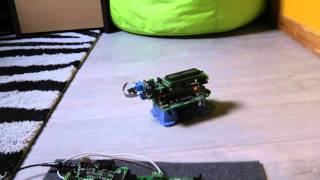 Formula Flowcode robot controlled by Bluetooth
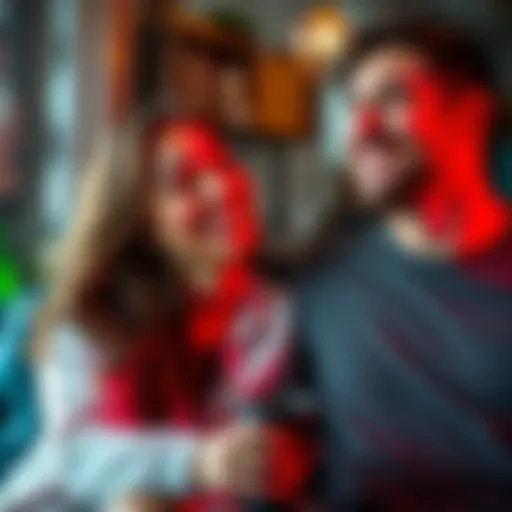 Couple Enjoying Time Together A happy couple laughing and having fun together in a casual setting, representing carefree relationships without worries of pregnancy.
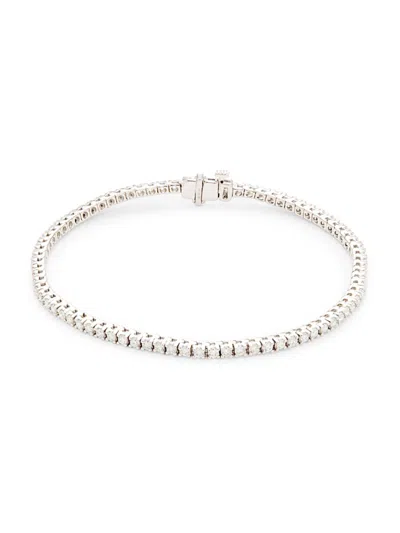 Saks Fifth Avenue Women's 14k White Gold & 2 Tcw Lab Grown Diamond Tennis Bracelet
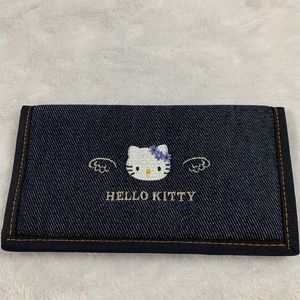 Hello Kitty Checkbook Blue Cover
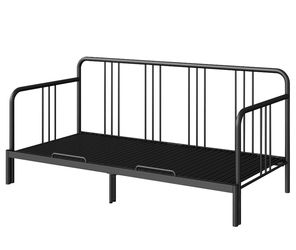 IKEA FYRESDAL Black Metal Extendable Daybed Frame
━━━━━━
Exactly the lines from the top of the listing through the line holding "Couple Enjoying Time" should be repeated, with pictures left out.

 Formula Flowcode robot controlled by Bluetooth
 Couple Enjoying Time Together A happy couple laughing and having fun together in a casual setting, representing carefree relationships without worries of pregnancy.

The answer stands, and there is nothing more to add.